### Exercise directions
Print the data below verbatim, minus images.
[Available data]
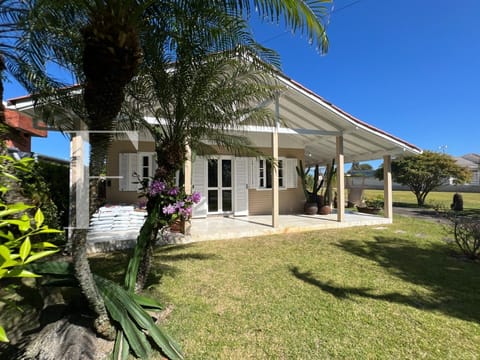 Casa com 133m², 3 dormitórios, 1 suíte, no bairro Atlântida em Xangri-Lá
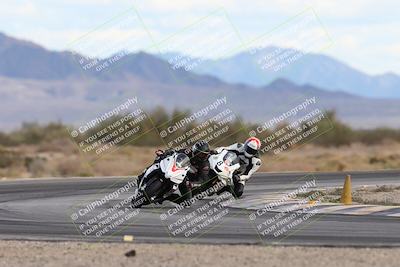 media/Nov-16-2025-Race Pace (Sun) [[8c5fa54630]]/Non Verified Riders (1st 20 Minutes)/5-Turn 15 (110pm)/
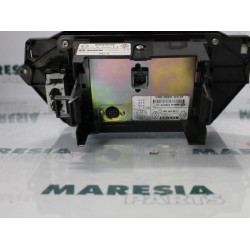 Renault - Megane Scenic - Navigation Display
[/Available data]
### Solution below
 Casa com 133m², 3 dormitórios, 1 suíte, no bairro Atlântida em Xangri-Lá
 media/Nov-16-2025-Race Pace (Sun) [[8c5fa54630]]/Non Verified Riders (1st 20 Minutes)/5-Turn 15 (110pm)/
 Renault - Megane Scenic - Navigation Display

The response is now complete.